Kane mengakui bahwa ambisinya untuk membawa pulang trofi semakin kuat seiring bertambahnya usia dan pengalaman internasionalnya. Menatap turnamen di Amerika Utara, ia menyadari besarnya harapan penggemar terhadap kesuksesan tim nasional.

"Bagi saya, Piala Dunia adalah puncak dari karier pemain sepak bola profesional. Ini akan menjadi yang ketiga bagi saya, dan kegembiraannya hampir semakin kuat karena kamu tahu betapa berartinya hal itu," ujar Kane.

Di luar sepak bola, Kane mengungkapkan kekagumannya pada atlet NFL Tom Brady dalam menjaga umur panjang karier di olahraga elit. Ia pun tidak menutup kemungkinan untuk mencoba peran sebagai penendang di American Football setelah masa pensiunnya tiba.

"Itu adalah sesuatu yang sulit bahkan untuk dipikirkan.

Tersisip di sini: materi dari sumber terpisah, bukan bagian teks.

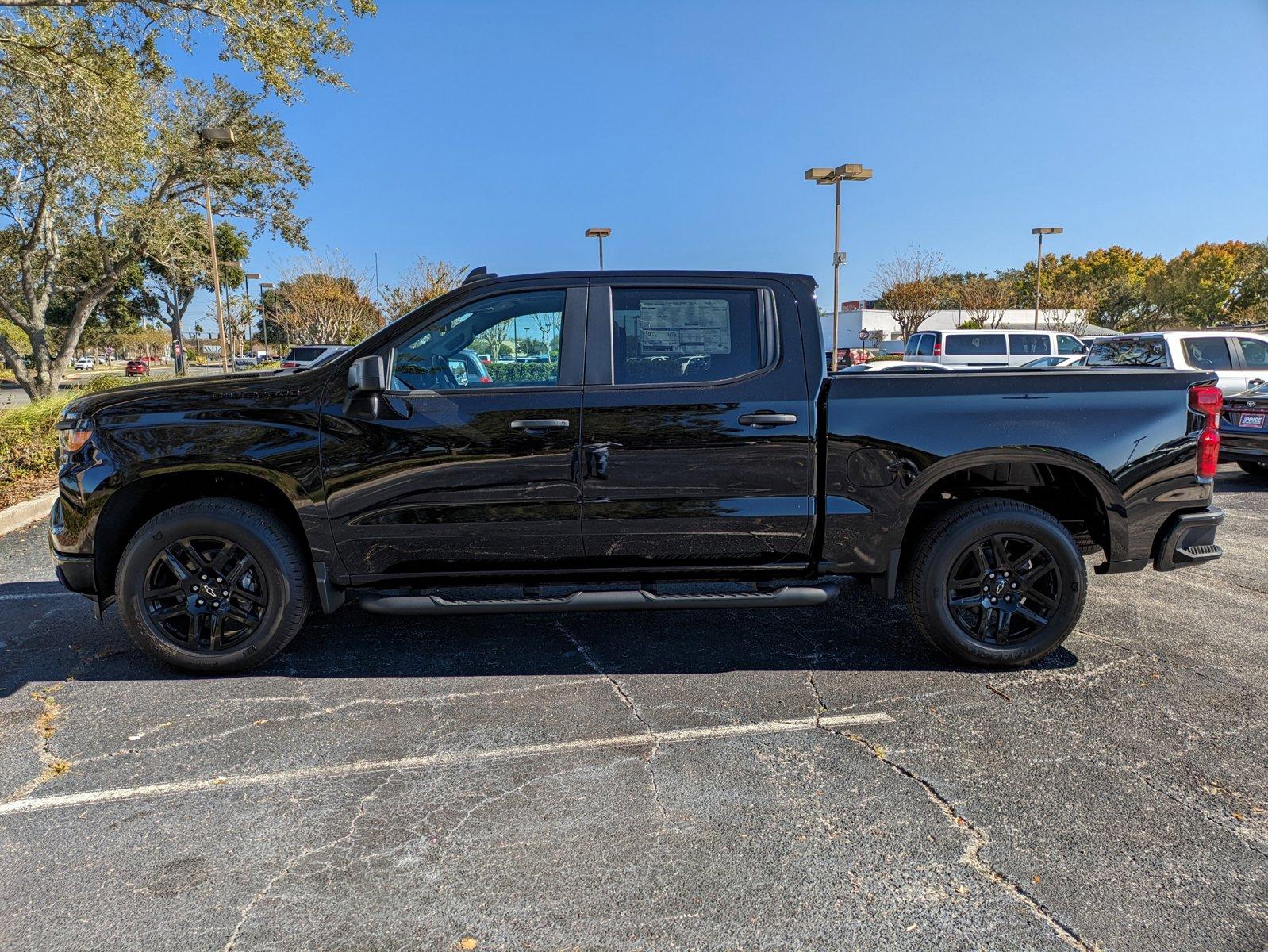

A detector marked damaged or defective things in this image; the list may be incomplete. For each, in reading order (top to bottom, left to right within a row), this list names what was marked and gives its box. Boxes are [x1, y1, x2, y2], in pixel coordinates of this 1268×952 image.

parking lot crack [555, 619, 673, 831]
parking lot crack [819, 727, 1098, 946]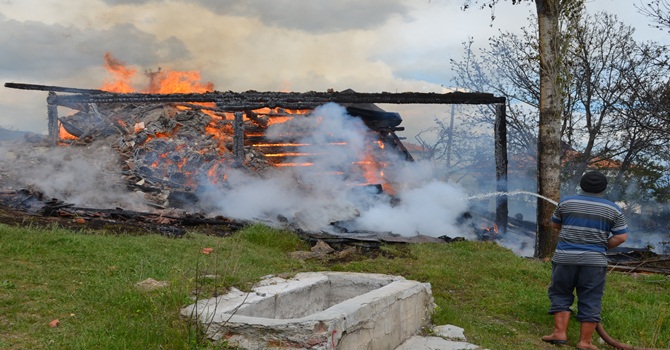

Itu akan menjadi jembatan yang harus diseberangi ketika kita sampai di sana, saya rasa, karena masih ada jalan panjang yang harus ditempuh," tutur Kane.

Penyerang yang mengoleksi lebih dari 70 gol internasional ini memahami betapa dambanya masyarakat Inggris akan gelar juara dunia. Ia menyebut upaya memenangkan kompetisi tersebut seperti mendaki gunung besar yang membutuhkan kerja keras luar biasa.

"Sudah lama sekali [sejak Inggris memenangkan Piala Dunia] dan saya tahu betapa setiap penggemar Inggris mendambakan Inggris untuk menang. Kita semua berharap bisa menjadi bagian dari sejarah itu, dan mengukuhkan nama kita dalam sejarah itu, tetapi kita juga tahu ada gunung besar yang harus didaki untuk sampai ke sana," ucap Kane.

Kehadiran pelatih baru Thomas Tuchel diharapkan mampu memperkuat ikatan emosional dan kekeluargaan di dalam skuad selama masa turnamen delapan minggu. Fokus utama kepemimpinan Tuchel saat ini adalah membangun kebersamaan yang solid di antara para pemain.

"Hal baik yang telah kami bangun dari waktu ke waktu, bahkan sebelum bos ada di sini, adalah kebersamaan itu. Thomas sangat menekankan hal itu sejak dia datang," ujar Kane.

Harry Kane meyakini bahwa koneksi antarpemain dan rasa persaudaraan menjadi kunci penting di samping penerapan taktik di lapangan. Inggris sebelumnya tercatat mencapai final Euro berturut-turut serta semifinal Piala Dunia 2018 sebelum menatap kompetisi tahun 2026.

"Tentu saja, kamu punya taktik dan sisi sepak bolanya, tetapi ketika kamu pergi bersama rekan setim selama delapan minggu, ini banyak tentang bagaimana kamu terhubung dan persaudaraan yang kamu miliki," kata Kane.